# Detailing help, Glasgow area.



## Iain R33 (Nov 10, 2006)

:newbie: 

Hi,

I was wondering if anybody could help me. Basically I want to get my Dad's Ford Explorer detailed as an early xmas present. Does anybody have any recomendations for companies around the Glasgow area? 

Cheers
Iain


----------



## donnyboy (Oct 27, 2005)

Maybe Grizzle might be interested. PM him if he doesn't see this thread.

What are you wanting done? Paint correction etc or just a tidy up?


----------



## alx_chung (Aug 13, 2006)

Give Grizzle a call or PM. I am sure that he would be able to help you out. 
Alex


----------



## JimTT (Feb 19, 2006)

Big Grizzley is yer man:thumb:


----------



## Iain R33 (Nov 10, 2006)

Thanks for the replies, I spoke to Grizzle last night about what I am looking for. Will post up some before and after shots when its done.

Cheers
Iain


----------



## Grizzle (Jul 12, 2006)

Cheers for the references guys :thumb:


----------



## miniandy (Apr 3, 2006)

Iain R33 said:


> Will post up some before and after shots when its done.


Do you have any shots of the detail?


----------



## stevenh78 (Feb 3, 2007)

Any idea how much it costs to get someone to do detail work on car?
I'm looking for the following:

Stone chip repair x 1
Light scratch removal
Swirl/Webbing removal
Wash and clay
possibly sealant?
and wax

Still thinking whether I want to do anything about the interior though 

Any ideas?


----------



## Clark @ PB (Mar 1, 2006)

It depends on how big the car is, how bad the defects are, how soft/hard the paint is. Typically you're looking at 8-10 hours for an average detail (sometimes more) and at a rate of say £25 or £30 per hour normally. Some people charge fixed rates though


----------



## blr123 (Oct 26, 2005)

Pics might help Steven :thumb: 

Where are you based?

Bryan


----------



## stevenh78 (Feb 3, 2007)

I'll try and get some pics next weekend as it's normally dark when i leave/return from work.
I'm in Glasgow.


----------



## Grizzle (Jul 12, 2006)

i'm based in glasgow an edinburgh if its any help


----------



## stevenh78 (Feb 3, 2007)

Thanks Grizzle, I'll probably try and wax it first and see what it's like afterwards, not sure if it will cover the swirl marks etc, also noticed a new scuff mark on my passenger side today >_<
Do you have a PC etc? How much you reckon?
What would you use to seal it, is there a hard coat available like diamondbrite/lifeshine etc?


----------



## Grizzle (Jul 12, 2006)

stevenh78 said:


> Thanks Grizzle, I'll probably try and wax it first and see what it's like afterwards, not sure if it will cover the swirl marks etc, also noticed a new scuff mark on my passenger side today >_<
> Do you have a PC etc? How much you reckon?
> What would you use to seal it, is there a hard coat available like diamondbrite/lifeshine etc?

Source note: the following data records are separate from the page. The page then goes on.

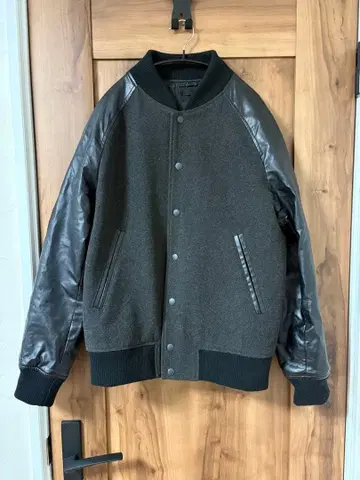 유니클로 바시티 자켓 블랙 M 사이즈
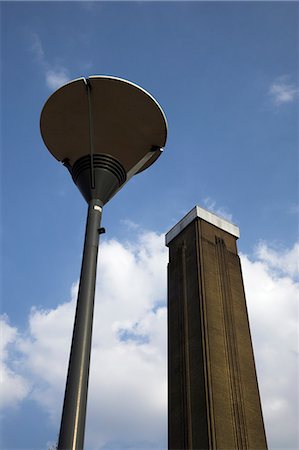 The Tate Modern gallery is housed in the old Bankside power station. Foto de stock - Con derechos protegidos, Código: 862-03353182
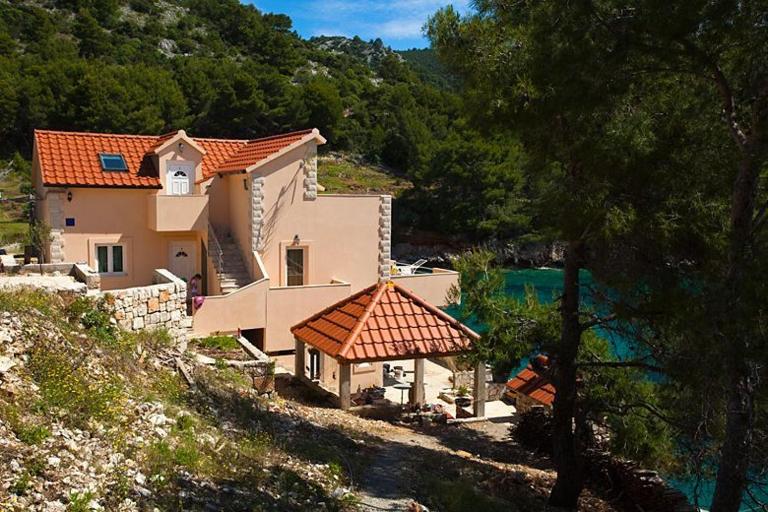 Robinson Medvidna Hvar Apartments - B&B Zastražišće
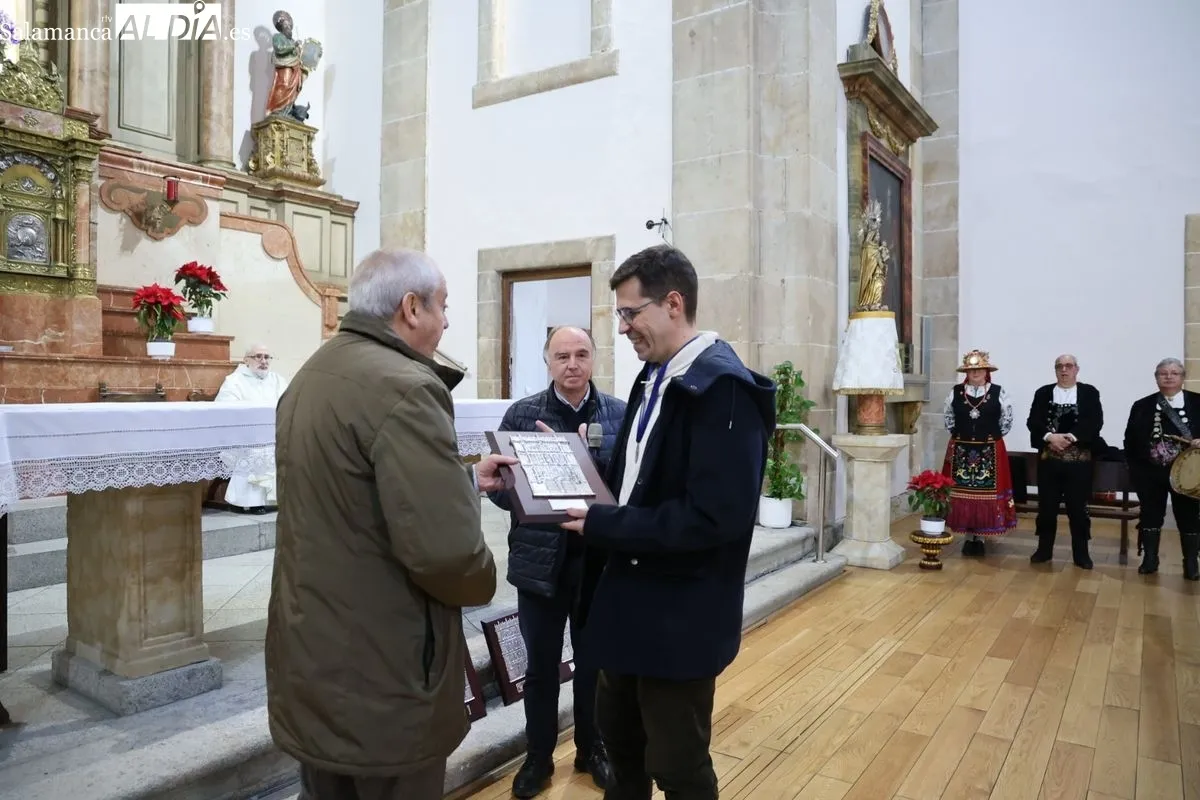 Reconocimiento a Hermandades y Cofradías con la entrega de las Placas Populares del Barrio Antiguo de Salamanca
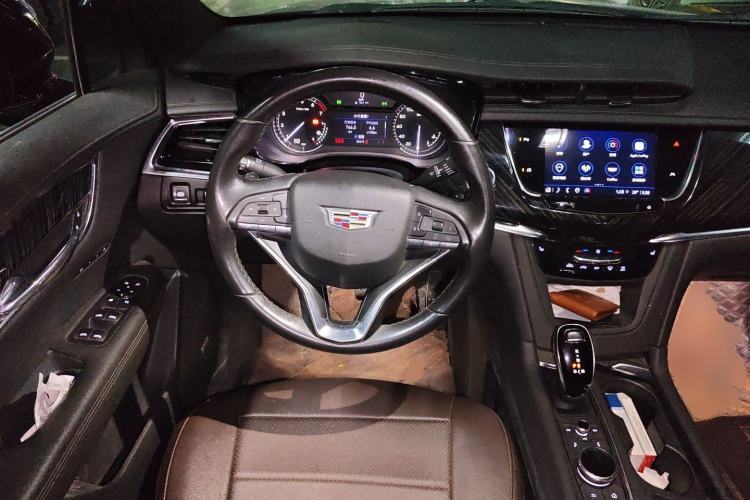 Used Cadillac XT6 2022 2.0T 7-Seater Two-Wheel Drive Luxury Version Steering Wheel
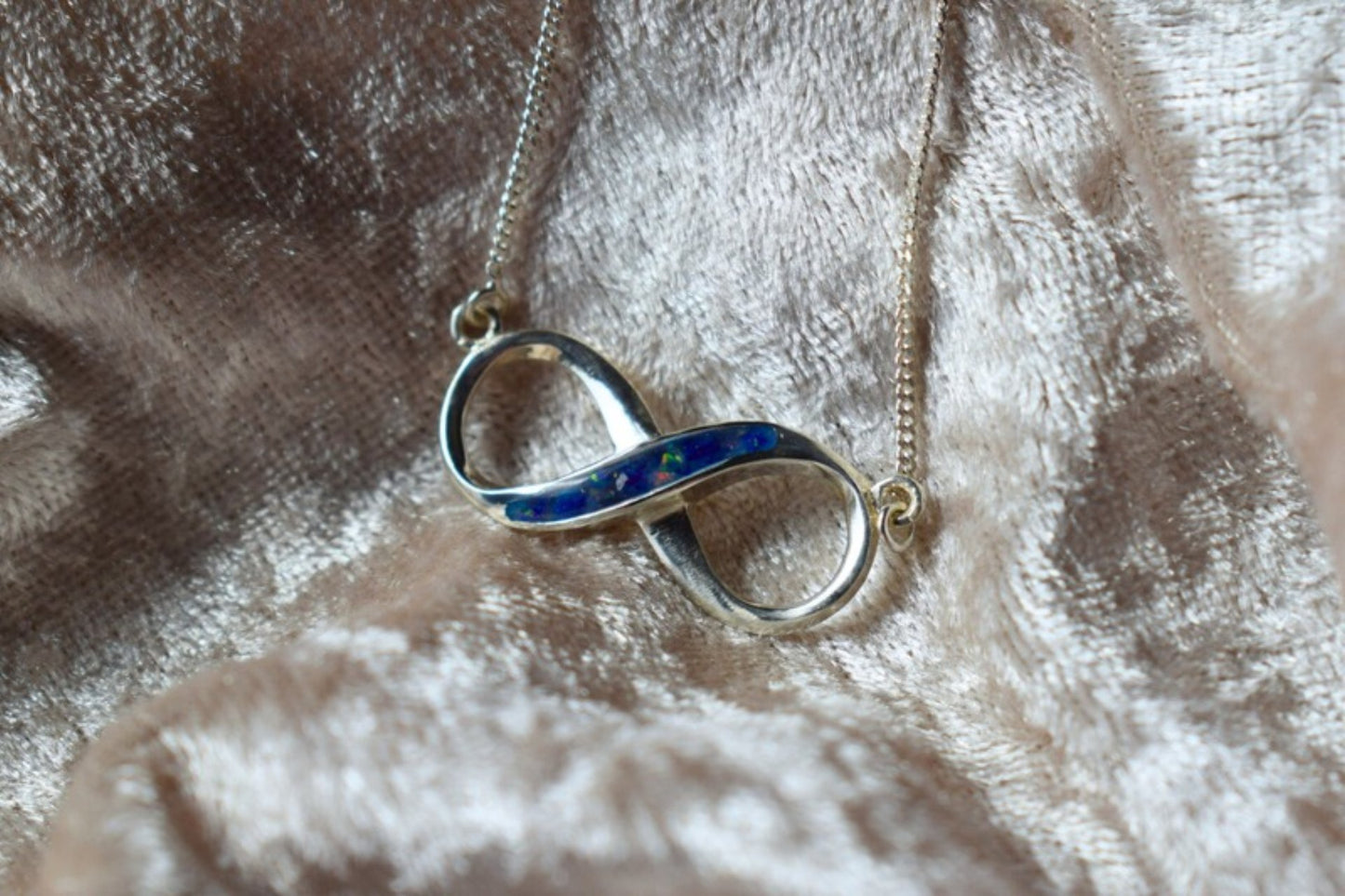 Infinity Silver Memorial Necklace with Ashes – Handmade Keepsake Jewellery in Sterling Silver, Crafted with Love & Care in the UK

Yeh i have a pc, it would really depend on the condition of the car and typically ppl on ere go by 25-30 quid an hour its not un common for it to be over 9hrs to fully do a paint correction.

If its something like diamondbrite/lifeshine u want i can do it.

But there are far better products out there.

Durability u cant beat collonite 476's personally.


----------



## stevenh78 (Feb 3, 2007)

hm... just spent a lot on getting a pile of Meguiars stuff, got the Nxt wash and wax and also hyperwash and last touch. Can I still use these on top of diamondbrite/lifeshine/collonite etc?
How much is it to do diamondbrite/lifeshine/collonite or megs alternative? I have a BMW 1 series...
Has anyone tried these car protective films before e.g. Ventureshield?


----------



## Grizzle (Jul 12, 2006)

My neighbour has a 1 series in red(dont ask lol) used collonite on it way back in nov for her she gets it washed at a local poland wash house! still beading,

Collonite is 15 quid and i'm sure it will last you a lifetime, Dont see why u cant use it ontop of diamond brite and life shine although i really dont rate these products at all


----------



## stevenh78 (Feb 3, 2007)

think i'll wait till the weather is a little better before doing any more cleaning or work on the car all my garden hoses are frozen >_<
can't take any good pics of the car cause it's really dirty so the scratches etc are all covered...


----------